Unlike the others, The Heritage Souk contains a little bit of everything. We parked at the edge and wandered for seemingly endless blocks through separate districts, each filled with small shops packed edge-to-edge like mailboxes in a single-level post office. Despite neighbours selling identical items and competing for customers, there seems to be a geniality between the shopkeepers: the woman I bought scarves from asked the man selling across from her for change, and he gladly provided it.
It took us a long, long time to get to the scarf woman The Electrician’s mom favours. His momma took the photos featured in this post because my camera battery was kaput before we even arrived at the souk. Just like the other markets, this one was organized by type of merchandise, even if just about everything was available somewhere in the souk.

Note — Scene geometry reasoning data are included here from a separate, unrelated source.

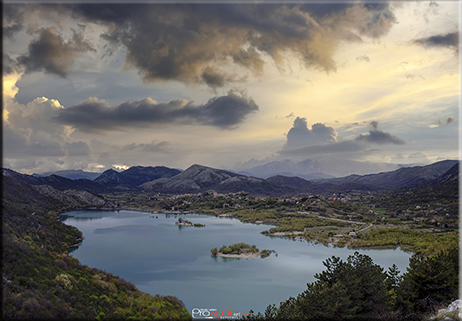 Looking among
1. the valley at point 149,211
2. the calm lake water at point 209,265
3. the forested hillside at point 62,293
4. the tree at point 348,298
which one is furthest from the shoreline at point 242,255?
the tree at point 348,298

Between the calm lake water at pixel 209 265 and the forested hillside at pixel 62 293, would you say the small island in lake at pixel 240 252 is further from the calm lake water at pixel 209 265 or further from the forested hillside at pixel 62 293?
the forested hillside at pixel 62 293

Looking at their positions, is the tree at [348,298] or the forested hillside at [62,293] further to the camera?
the tree at [348,298]

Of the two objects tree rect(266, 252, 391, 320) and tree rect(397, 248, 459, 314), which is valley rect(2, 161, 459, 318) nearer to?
tree rect(397, 248, 459, 314)

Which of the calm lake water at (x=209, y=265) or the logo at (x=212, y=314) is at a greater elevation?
the calm lake water at (x=209, y=265)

Inside The Heritage Souk, a person can find everything from genuine jewelry to items we would generally pick up at the dollar store back home. The gold shops were particularly stunning.

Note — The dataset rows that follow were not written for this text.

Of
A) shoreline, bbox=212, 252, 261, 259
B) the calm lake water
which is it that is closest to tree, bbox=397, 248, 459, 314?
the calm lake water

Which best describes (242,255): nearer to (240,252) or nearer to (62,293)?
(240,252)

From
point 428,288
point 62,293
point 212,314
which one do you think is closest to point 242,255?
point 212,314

There was also a meat souk, where a person can buy the freshest possible cuts of lamb, goat, beef, and other creatures. I have photos of that area but won’t be sharing them here because it was overwhelming, particularly since many vendors were selling heads for stewing with the eyeballs still intact. It was a disturbing part of the evening for me.
Let’s look at the produce and dry spices instead, shall we? These should make your mouth water rather than turning your stomach.
After walking next to forever, we found the scarf lady, who was eager to help us and had countless fibres, weaves, colours, and patterns to choose from. It took us a long time to browse her collection before making our final choices.
Because we took way too long shopping for scarves, The Electrician and his dad explored the open area just beyond the shops, which I can really only describe as a run-down food court with no English on the menu. Reluctant to wait for dinner (and with momma bear’s disapproval) the boys ordered food for the group while the ladies shopped.
When I sat down at the long wooden table shortly after an employee draped it with a fresh “cloth” of thin cellophane printed with a red arabic design, I was certain we were in for what The Electrician refers to as “30 minute chicken.” That’s the kind of food you see first on your plate and then again in the toilet a half hour later. The ladies at the table passed the hand sanitizer and looked nervous, and the men poured us water from the giant group bottle into the little cups brought by our waiter. Each of us had a flimsy plastic cup, plastic cutlery, paper napkins, and an oval aluminum plate buffed to a high sheen despite the nicks and scars in its surface.
The first thing to arrive at the table was a type of salad greens I’d never seen before, complete with peeled fresh onions (the big white ones) and lemon wedges. Then a man came with two baskets loaded with traditional round bread too hot to touch spilling over the sides. Imagine large pizzas with nothing on top and you will have an idea of the size of the flatbreads. I think we ended up with eight or nine pieces that size for the five of us. I could have just eaten bread with lemon and been a happy woman.
Suddenly, the man came back with two platters of saffron rice and two large bowls of a chopped and marinated veggie salad with fresh tomatoes, zucchini, cucumbers, onions, and herbs. It smelled heavenly. Before long, we also had a whole local fish grilled with basil, cumin, and citrus, and a syrupy sauce to spoon on top. Apparently, our boys were beyond hungry when they ordered, because we also got a mixed grill platter of chicken and beef skewers, and grilled ground lamb with arabic seasoning.
As dives go, we found a true gem! Despite the modest, dusty surroundings, the food was superb. We were also the only people there who didn’t seem to be from the area, so I guess we stumbled into local cuisine that is popular with the folks who live here. As we ate, everyone except me (because I’m so lucky) broke either their forks or their spoons or both, making getting the food from plate to mouth a challenge that added to the ambiance.
Finally, to finish the meal, the server came back with tiny glass vials of strong tea with sugar and tea leaves sitting in the bottom. We were so full we could hardly move, and The Electrician’s parents have declared they will take all visitors for meals at The Heritage Souk from now on.
Not a single person got food poisoning, either. Great success in hole-in-the-wall cuisine.